A third example contrasts the Cuban Growth Study design, as mentioned earlier, with the optimal design based on the specified precision of SEz = 0.053 on the 3rd centile, which Healy (1974) showed required 1000 boys aged 8.

For an optimal design the required precision should apply across the age range. The code shows the age distribution for 0-20 years that was used in the Study, including a 10% uplift in numbers to give 1100 at age 8, and the corresponding design had it been optimised.

# define CGS age distribution
tibble(age = c(1/6, 1/2, 5/6, 5/4, 7/4, 19/8, 25/8, 4:10,
c(22:29/2 - 1/4), 15:18, 77/4),
n = c(rep(12, 3), rep(10, 4), 13, rep(11, 6), rep(6, 3),
rep(11, 5), 15, rep(8, 3), 13) * 100,
span = c(rep(1/3, 3), rep(1/2, 2), rep(3/4, 2), rep(1, 7),
rep(1/2, 8), rep(1, 4), 3/2)) %>%
ggplot(aes(x = age, y = n/span, width = span-0.02)) +
xlab('age (years)') + ylab('frequency') +
geom_bar(fill = 'gray', stat = 'identity') +
geom_bar(aes(y = n_varying, width = NULL),
data = n_agegp(z = qnorm(0.03), SEz = 0.3 / 5.75) %>%
mutate(n_varying = n_varying * 1.1),
width = 0.98, fill = 'gray50', stat = 'identity')

The pale gray histogram shows the complex sample composition used in the Cuban Growth Study, with oversampling in infancy and puberty reflecting the higher growth velocity at those ages.
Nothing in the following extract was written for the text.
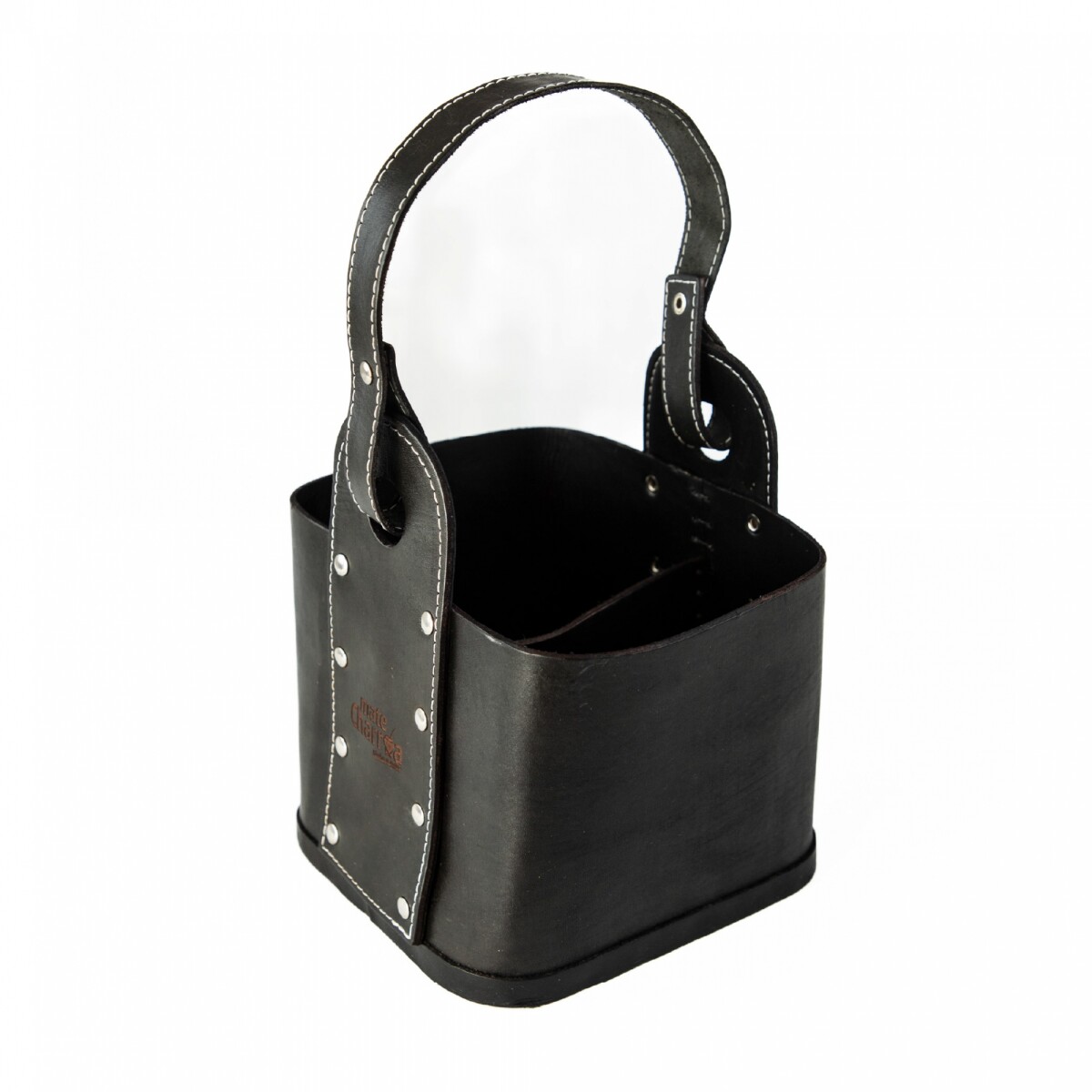 Porta mate cuadrado negro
However the pubertal oversampling is unnecessary, and the design ignores the saving in numbers that is achieved by smoothing the centile curves.
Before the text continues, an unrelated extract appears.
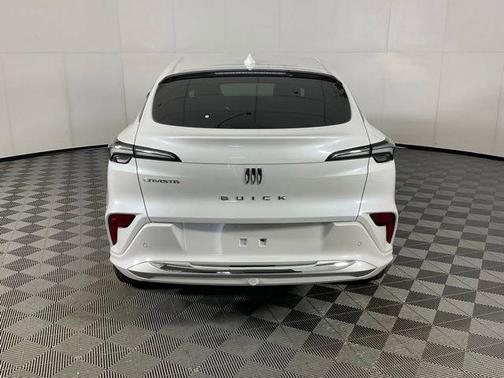 White Frost Tricoat 2026 Buick Envista Avenir FWD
The darker histogram shows the optimal design. Overall the sample size could have been reduced from 28,000 to around 11,000. This highlights the saving in resources that optimisation can achieve.

## References

Cole TJ. 2020. Sample size and sample composition for constructing growth reference centiles. Stat Methods Med Res (in press).

Healy MJR. 1974. Notes on the statistics of growth standards. Ann Hum Biol 1:41-46.

Jordan J, Ruben M, Jernandez J, Bebelagua A, Tanner JM, Goldstein H. 1975. The 1972 Cuban national child growth study as an example of population health monitoring: design and methods. Ann Hum Biol 2:153-171.